An exact transcription of all the records is required, minus the images.

(Pictures with short captions)
******
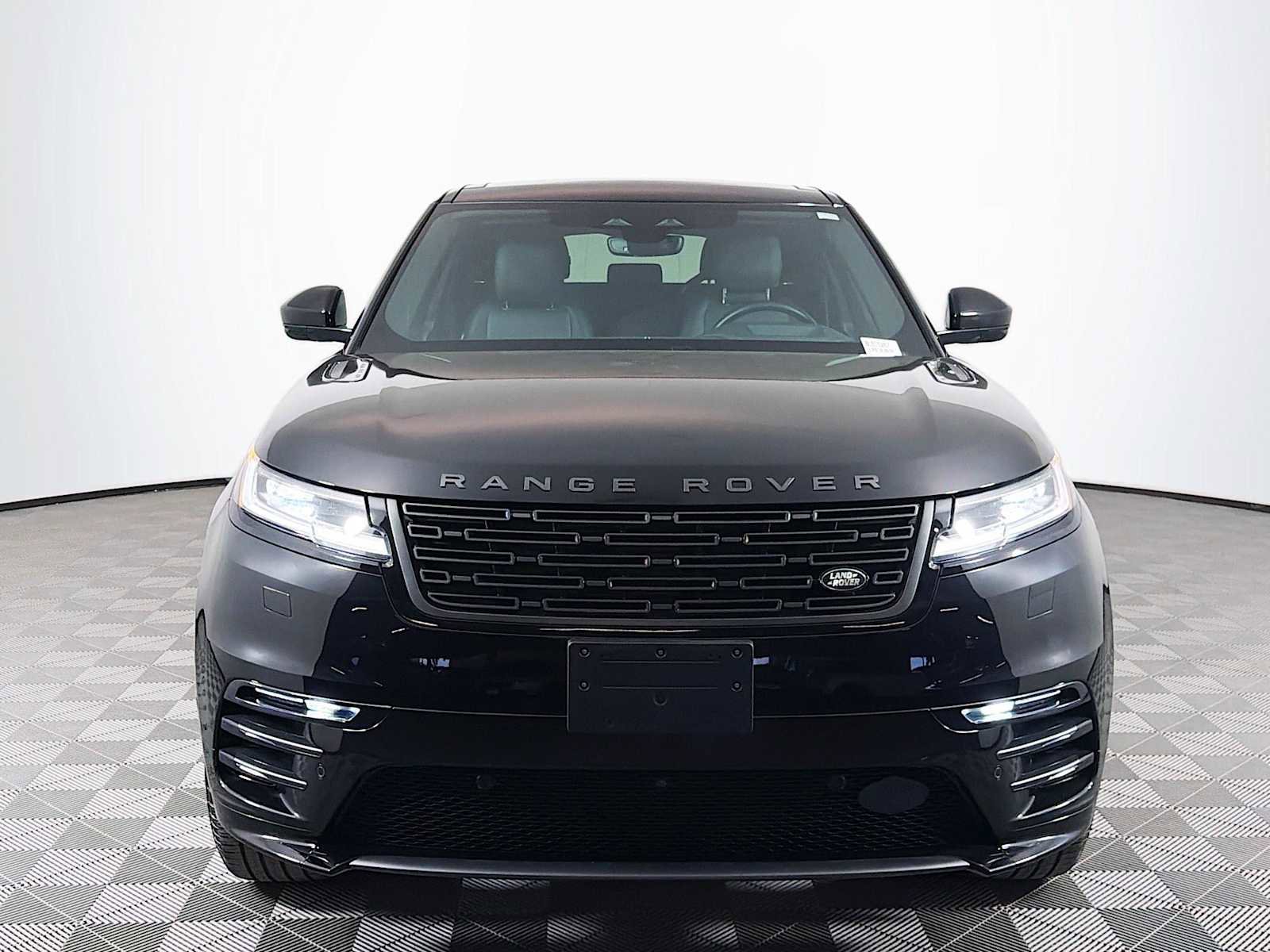 Used 2026 Land Rover Range Rover Velar Dynamic SE AWD/4WD image 2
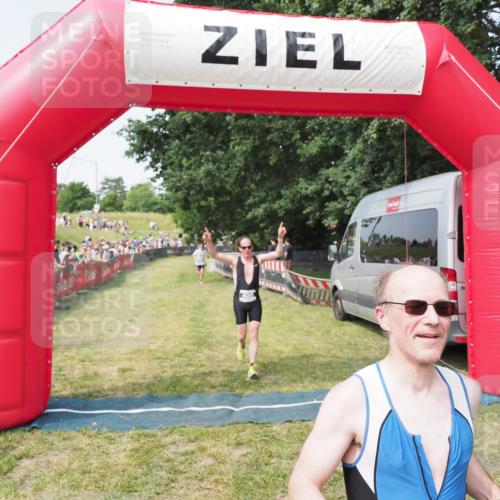 21.06.2025 - 27. Vierlanden-Triathlon MichiJ http://msf.ph/oto/7995758 15.06.2026 11:19:25 Ziel 400, 401 meine-sportfotos.de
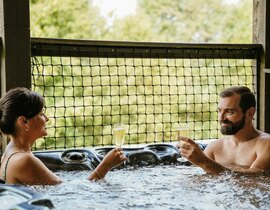 Nuit en Lodge avec Jacuzzi près de Brive Nuit en Lodge avec Jacuzzi près de Brive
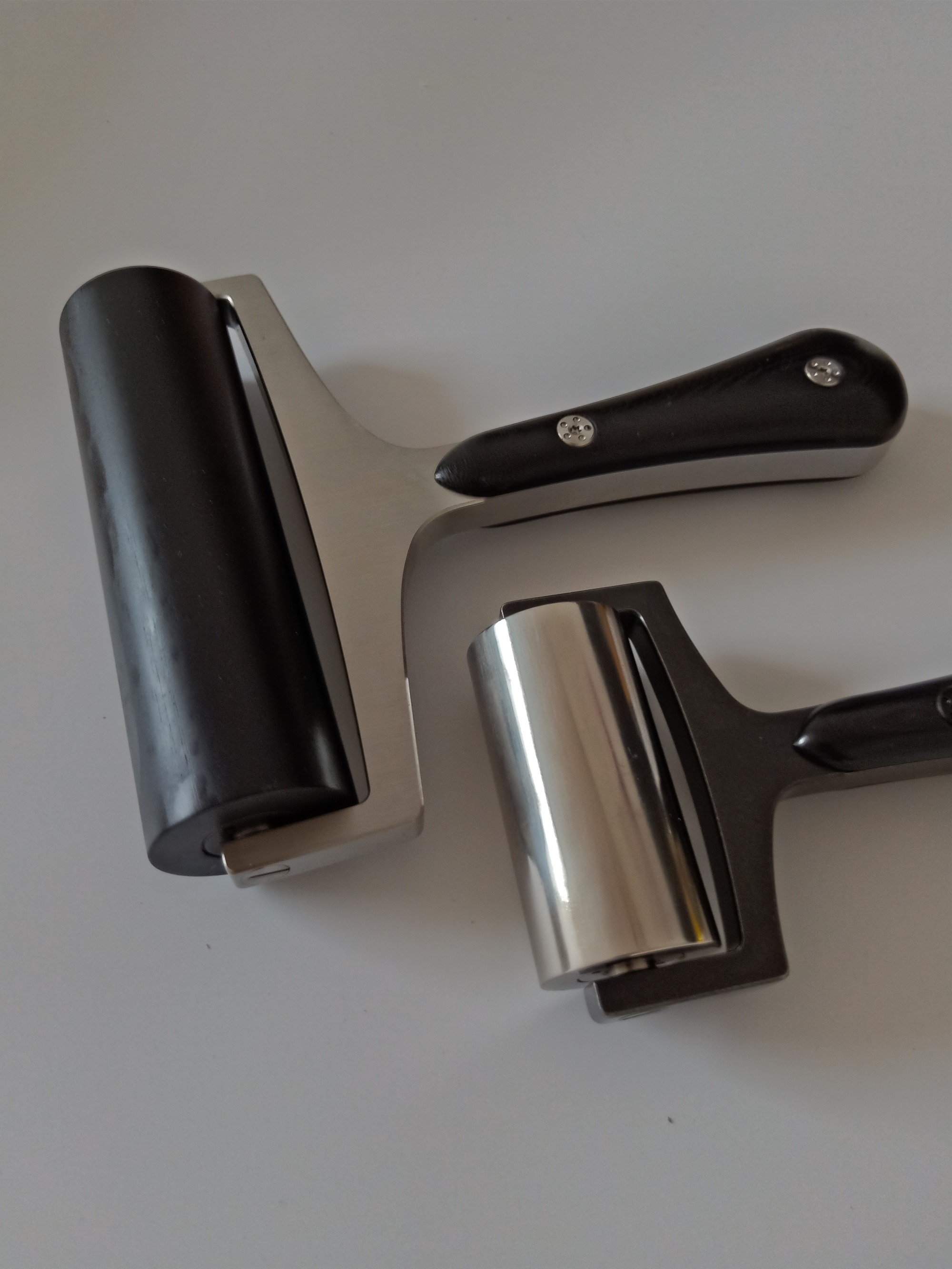 Solid stainless steel Leather guled roller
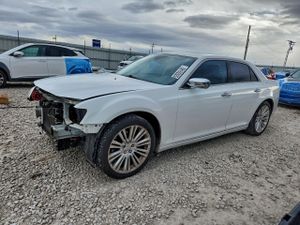 Chrysler 300C 5.7L 8 2011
******
→ **Expected output**
 Used 2026 Land Rover Range Rover Velar Dynamic SE AWD/4WD image 2
 21.06.2025 - 27. Vierlanden-Triathlon MichiJ http://msf.ph/oto/7995758 15.06.2026 11:19:25 Ziel 400, 401 meine-sportfotos.de
 Nuit en Lodge avec Jacuzzi près de Brive Nuit en Lodge avec Jacuzzi près de Brive
 Solid stainless steel Leather guled roller
 Chrysler 300C 5.7L 8 2011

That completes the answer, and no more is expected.